An HDCD codec has some robustness to limited changes to the data, specifically depending on where the changes are. I have no doubt one can construct software that will detect HDCD encoding and apply DSP effects while still outputting a valid HDCD stream.

You mention the sound card is slaved to the DAC clock. In this case, interface jitter cannot be an issue, and assuming the card is not performing any SRC and the data is also bit perfect, there is NO other possible way the player can affect the sound.

You should try a check for bit perfect output by recording the stream received by the DAC's S/PDIF input to an S/PDIF in on your PC, and doing a bitwise comparison.
 
Vista Exclusive Mode cannot be tested by the "usual" means like a DTS stream passing through unharmed. The sole fact that an encoded file is passing the Audio Engine of Vista just *makes* that bit perfect (an explicit action of the OS). This says nothing about PCM.

Indeed the only way to test for bit perfectness is capturing back the stream, and compare. For Vista it's worse again, because you'd need to capture the stream on *another* PC. With capturing too, Vista switches into a mode which would not be representative (and that mode is ... Shared Mode :dead: ).
As far as I can tell this can only happen with an external soundcard (in fact two PC's connecting to that).
When I tested it back then it broke my brains on how to set it up. It can be done though as I did it to at least prove to myself it all worked (bit perfectly) as intended.

Might you still be in doubt : there is NO way I will ever apply DSP of any sort. It's already worse enough that there's a digital volume in there now, but that's for a good (SQ) cause by itself.

Might you come to the test : set your "DAC is" at 44.1/16, and keep the volume at -0dB.

HTH,
Peter :)
 
manisandher said:

I'd like to do the bitwise comparison that you suggest. What should I use to compare the two wav files?

Hi Mani, allow me ...

This is not as easy as it may seem, and it needs some experience at this in order not to get crazy.

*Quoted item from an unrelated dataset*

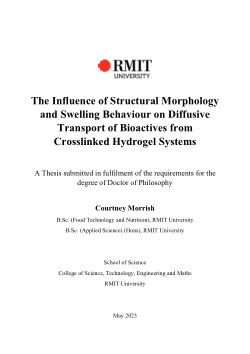 The influence of structural morphology and swelling behaviour on diffusive transport of bioactives from crosslinked hydrogel systems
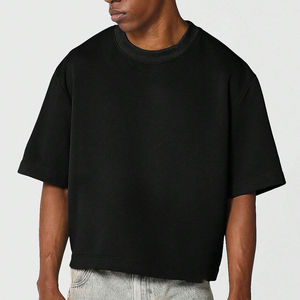 เสื้อยืดผู้ชายไซส์ใหญ่คุณภาพสูงแบบเรียบ  ไซส์พลัส สตรีทแวร์ลายกราฟิก พิมพ์ลายทรงบ็อกซี่ แขนสั้น - Product Image 1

Let's say you can use something like WaveLab in order to read in both versions (source and captured copy), and compare them.
"Compare" to the sense of bit perfectness is not in order yet, because first you need to find a common denominator start point of both files. Without experience this can take you ages, especially if you are comparing files which are not equal anyway (like the captured copy is not bit perfect).

Once the common denominator start point is found, you'd have to cutoff the left part(s) so both will have the exact same start point.
Wavelab can now compare the files, and will ignore the end parts not being equal (it will stop comparing at the shortest file).

Sidenote : you will not be able to record the file with same startpoint as the original, because or you press "record" too soon or too late, or there's always a latency at auto-triggering recording.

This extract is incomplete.